You have been hired to build a UI to display names of customers who did not buy from minimart in any given month. Write a Streamlit app that displays a dataframe of customers who did not buy anything in a given month. The app should have a drop down menu that allows the user to select the month to display.

The URL for the location of raw data that you can use in your app is:

https://raw.githubusercontent.com/mafudge/datasets/refs/heads/master/minimart/

import streamlit as st
import pandas as pd

base = "https://raw.githubusercontent.com/mafudge/datasets/refs/heads/master/minimart/"
months = ['jan', 'feb', 'mar', 'apr']

st.title("Who's not Buying from MiniMart?")
month = st.selectbox('Select Month:', months)

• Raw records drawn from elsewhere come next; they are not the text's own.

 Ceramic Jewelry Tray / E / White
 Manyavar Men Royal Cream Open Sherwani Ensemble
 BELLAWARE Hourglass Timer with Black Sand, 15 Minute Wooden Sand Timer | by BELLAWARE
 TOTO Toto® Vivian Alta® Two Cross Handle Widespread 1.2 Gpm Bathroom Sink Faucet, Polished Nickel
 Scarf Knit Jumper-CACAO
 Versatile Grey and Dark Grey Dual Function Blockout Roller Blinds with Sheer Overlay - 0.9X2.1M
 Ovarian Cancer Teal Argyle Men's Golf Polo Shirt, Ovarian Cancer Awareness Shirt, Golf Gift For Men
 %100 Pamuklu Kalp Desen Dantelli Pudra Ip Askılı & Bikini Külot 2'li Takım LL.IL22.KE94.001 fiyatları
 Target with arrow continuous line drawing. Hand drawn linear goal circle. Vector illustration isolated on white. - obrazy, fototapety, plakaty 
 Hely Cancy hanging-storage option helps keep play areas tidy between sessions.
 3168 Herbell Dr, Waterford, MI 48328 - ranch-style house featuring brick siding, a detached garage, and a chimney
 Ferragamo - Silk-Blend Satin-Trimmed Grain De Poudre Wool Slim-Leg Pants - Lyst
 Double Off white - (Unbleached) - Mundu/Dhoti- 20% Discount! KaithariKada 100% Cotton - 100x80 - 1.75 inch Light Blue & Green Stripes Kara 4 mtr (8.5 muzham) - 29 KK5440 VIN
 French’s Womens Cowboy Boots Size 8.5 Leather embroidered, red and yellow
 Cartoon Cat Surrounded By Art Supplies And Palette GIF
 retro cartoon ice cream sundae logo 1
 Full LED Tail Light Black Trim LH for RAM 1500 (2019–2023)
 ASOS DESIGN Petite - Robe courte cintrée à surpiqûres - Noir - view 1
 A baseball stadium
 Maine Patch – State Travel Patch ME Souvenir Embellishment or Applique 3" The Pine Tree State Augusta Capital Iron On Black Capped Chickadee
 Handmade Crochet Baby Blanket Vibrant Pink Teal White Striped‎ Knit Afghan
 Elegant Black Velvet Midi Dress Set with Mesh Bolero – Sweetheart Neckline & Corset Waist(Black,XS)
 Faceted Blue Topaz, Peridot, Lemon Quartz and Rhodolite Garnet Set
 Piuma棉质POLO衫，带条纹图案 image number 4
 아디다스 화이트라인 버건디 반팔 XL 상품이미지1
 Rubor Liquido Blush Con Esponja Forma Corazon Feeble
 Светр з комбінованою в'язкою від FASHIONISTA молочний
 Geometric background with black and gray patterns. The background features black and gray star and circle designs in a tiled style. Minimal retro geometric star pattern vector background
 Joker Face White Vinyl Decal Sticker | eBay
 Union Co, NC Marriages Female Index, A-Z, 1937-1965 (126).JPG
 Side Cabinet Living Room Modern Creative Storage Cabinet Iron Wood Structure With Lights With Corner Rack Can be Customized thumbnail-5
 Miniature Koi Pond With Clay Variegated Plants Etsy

purchases = pd.read_csv(f"{base}/purchases-{month}.csv")
customers = pd.read_csv(f"{base}/customers.csv")
combined = pd.merge(customers, purchases, left_on='customer_id', right_on='customer_id', how='left')
cols = ["customer_id", "firstname", "lastname"]
did_not_buy = combined["order_id"].isnull()
customers_who_did_not_buy = combined[did_not_buy][cols]
st.header(f"These people did not buy anything in {month.capitalize()}.:")
st.dataframe(customers_who_did_not_buy, hide_index=True)

# You can add the following to double check the results:
#st.divider()
#st.write("debug")
#st.dataframe(combined)
# That will display the full combined frame for the selected month. The ones
# without entries for the order id should be what's displayed in the table above.